%%

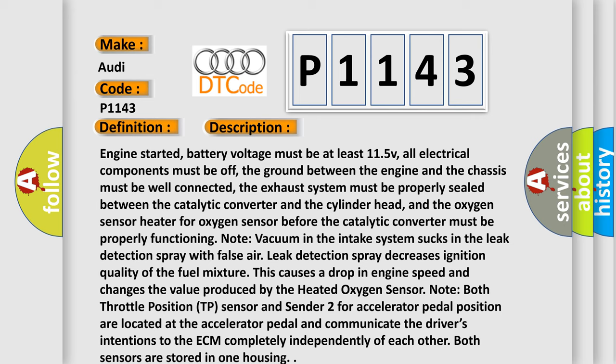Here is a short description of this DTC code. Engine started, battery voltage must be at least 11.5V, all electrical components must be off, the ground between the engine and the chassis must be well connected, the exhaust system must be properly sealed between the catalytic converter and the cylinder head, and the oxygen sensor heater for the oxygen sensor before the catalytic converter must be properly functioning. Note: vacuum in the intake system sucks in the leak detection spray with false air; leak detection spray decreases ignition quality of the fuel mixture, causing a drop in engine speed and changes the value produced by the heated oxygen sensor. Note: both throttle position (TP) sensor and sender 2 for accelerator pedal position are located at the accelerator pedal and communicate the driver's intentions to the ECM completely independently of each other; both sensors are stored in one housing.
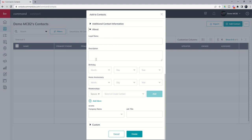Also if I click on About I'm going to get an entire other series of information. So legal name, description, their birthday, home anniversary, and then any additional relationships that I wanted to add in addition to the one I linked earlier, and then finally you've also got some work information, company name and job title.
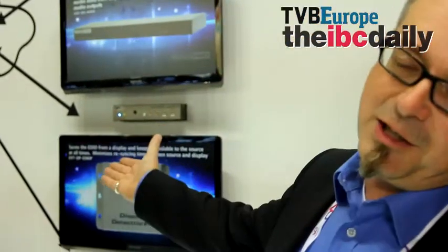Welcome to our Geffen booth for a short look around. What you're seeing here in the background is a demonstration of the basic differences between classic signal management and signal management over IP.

%%
%%

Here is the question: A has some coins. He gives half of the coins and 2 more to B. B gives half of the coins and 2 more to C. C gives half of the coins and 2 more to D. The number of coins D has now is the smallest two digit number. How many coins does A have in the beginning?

%%
%%

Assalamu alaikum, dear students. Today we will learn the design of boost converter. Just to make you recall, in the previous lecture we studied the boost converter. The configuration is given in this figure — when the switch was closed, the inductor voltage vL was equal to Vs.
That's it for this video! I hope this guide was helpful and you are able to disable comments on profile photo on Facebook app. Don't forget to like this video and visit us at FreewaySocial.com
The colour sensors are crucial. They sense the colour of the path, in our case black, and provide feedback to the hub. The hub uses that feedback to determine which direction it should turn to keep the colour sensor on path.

%%

**WORK REQUEST:** From the entries above, copy exactly the lines starting at the one with "Also if I click" and stopping at the one with "Welcome to our", keeping both ends. Drop the pictures.

**ANSWER TO THIS TASK:**
Also if I click on About I'm going to get an entire other series of information. So legal name, description, their birthday, home anniversary, and then any additional relationships that I wanted to add in addition to the one I linked earlier, and then finally you've also got some work information, company name and job title.
Welcome to our Geffen booth for a short look around. What you're seeing here in the background is a demonstration of the basic differences between classic signal management and signal management over IP.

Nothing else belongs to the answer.